# Worm Drive Circular Saw Guides



## JustLikeJames (Feb 14, 2014)

Hey everyone,
I'd like to make a guide for crosscutting boards and smaller panels with my worm drive circular saw. I got my inspiration from the kreg KMA2600 square cut.
I would have to mirror the jig and hold it against the workpiece with my right hand and saw in left hand. That puts me where I can't see the blade, plus I'm right handed. Also, I would always have to adjust to account for the kerf thickness. 
If I build it in the same orientation as the Kreg version, the wider side of the saw's shoe and all the motor weight would bear on the waste side of the cut. It just wouldn't be very stable and safe.

I apologize, I know that's all very hard to understand without me acting all of it out. 
I find the saw awkward in almost every task I do. 
Am I doing something wrong? Is there a trick I'm missing.


----------



## TedW (May 6, 2012)

I would strongly recommend you do not hold the jig in place with your hand. Use clamps. A worm drive saw delivers a tremendous amount of torque. If it kicks back, it would be really difficult to control, and the hand holding the jig could easily end up a casualty of the runaway saw blade. Unless you really know how to handle a worm drive saw, you should have both hands on the saw at all times, and the lumber and jig securely clamped in place.

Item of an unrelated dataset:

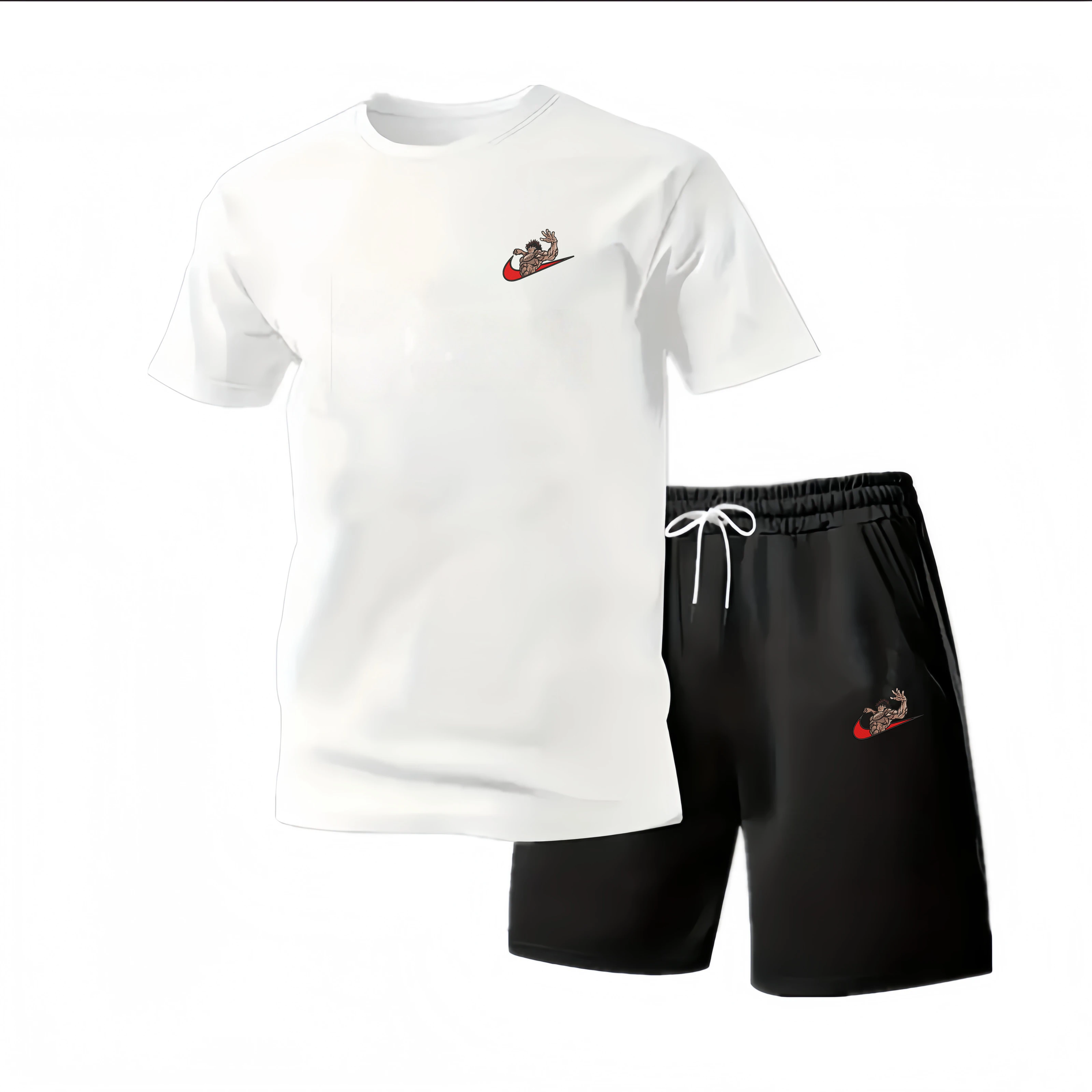 Summer Daily Casual Fashion Sp - Outdoor Sports Outfit ulasan dan harga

Now about the jig, glue and screw a straight piece of 1/2" thick wood to a piece of plywood. Clamp it to a table or something, then carefully plunge the saw through the plywood while the sole is resting against the straight edge, and cut your slot in the plywood. Hope that makes sense. The plywood should be large enough that you have areas to place clamps that will not interfere with the saw during operation.


----------



## JustLikeJames (Feb 14, 2014)

Thanks Tedster. That would essentially be a shorter version of the 8' long guide I use on full sheet stock. I think that's the route I'll have to go. I just liked the speed of not having to clamp it, like the kreg version for sidewinders but safety first. It's just a hobby anyways, so what am I in such a hurry for?
Thanks.


----------



## bandit571 (Jan 20, 2011)

Maybe one like this









It is just a piece of plywood, with a cleat and a rail. Have a 90 degree corner, add a cleat under it. The long edge can even be a "factory " edge. The rail acts like a fence. Clamp this over-sized speed square along a line. Run the saw along the fence, You can allow for the height of the saw on that side, as well.

I used it here to rip a board down, and have an almost perfectly straight line. It can also be used as a crosscut guide, for either a saw, or a router.

It was originally made to fit a Dewalt Job site saw as a fence. It worked better than the OEM fence.


----------